Abstract:
A process for manufacturing a MEMS device, wherein a bottom silicon region is formed on a substrate and on an insulating layer; a sacrificial region of dielectric is formed on the bottom region; a membrane region, of semiconductor material, is epitaxially grown on the sacrificial region; the membrane region is dug down to the sacrificial region so as to form through apertures; the side wall and the bottom of the apertures are completely coated in a conformal way with a porous material layer; at least one portion of the sacrificial region is selectively removed through the porous material layer and forms a cavity; and the apertures are filled with filling material so as to form a monolithic membrane suspended above the cavity. Other embodiments are directed to MEMS devices and pressure sensors.

Description:
BACKGROUND 
     1. Technical Field 
     The present disclosure relates to a process for manufacturing MEMS devices. In particular, the disclosure relates to the manufacture of devices having a membrane suspended above buried cavities or channels. 
     2. Description of the Related Art 
     Hereinafter, reference will be made to the manufacture of a capacitive pressure sensor having a suspended region, also referred to as membrane, that is able to move with respect to the rest of the structure. 
     The disclosure is not, however, limited to this sensor, but applies also to other MEMS sensors, actuators and devices having buried channels, for instance for the use in microfluidic devices. 
     In particular, in the case of pressure sensors of a capacitive type, the membrane represents a variable electrode, facing a fixed portion forming a fixed electrode and separated from the latter by a buried cavity. 
     Various techniques are known for manufacturing the membrane, based upon gluing two substrates or removing a sacrificial layer. 

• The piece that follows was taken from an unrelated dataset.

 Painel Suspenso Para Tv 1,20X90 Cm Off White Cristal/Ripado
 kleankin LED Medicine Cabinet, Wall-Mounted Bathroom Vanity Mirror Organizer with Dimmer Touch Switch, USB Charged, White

     For example, U.S. Pat. No. 7,273,764 describes a manufacturing process, carried out starting from a wafer made up of a silicon substrate, an insulating layer and a deposited polysilicon layer, wherein initially trenches are formed in the polysilicon layer, part of the insulating layer is removed through the trenches so as to form a cavity, the cavity and the trenches are filled with porous oxide, a covering region of porous silicon is formed on the planarized surface of the wafer, the porous oxide is removed through the covering region, and a sealing region is formed on the covering region. This process is thus rather complex on account of the operations of filling and emptying the cavity and the trenches. In addition, the resulting membrane (polysilicon layer over the cavity) is perforated and thus fragile. 

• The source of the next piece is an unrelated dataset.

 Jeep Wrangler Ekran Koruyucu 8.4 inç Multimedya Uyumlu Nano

     In other solutions, after forming etching holes in the membrane layer and removing the sacrificial material, the holes are filled. For instance, U.S. Pat. No. 6,521,965 envisages providing the bottom electrode; forming a sacrificial region on the bottom electrode; epitaxially growing the membrane layer; forming etching holes in the membrane layer; removing the sacrificial region through the etching holes; and closing the holes with filler oxide. A similar process is described also in U.S. Pat. No. 6,527,961 to obtain pressure sensors. U.S. Pat. No. 6,012,336 uses silicon nitride or metal for filling the etching holes. 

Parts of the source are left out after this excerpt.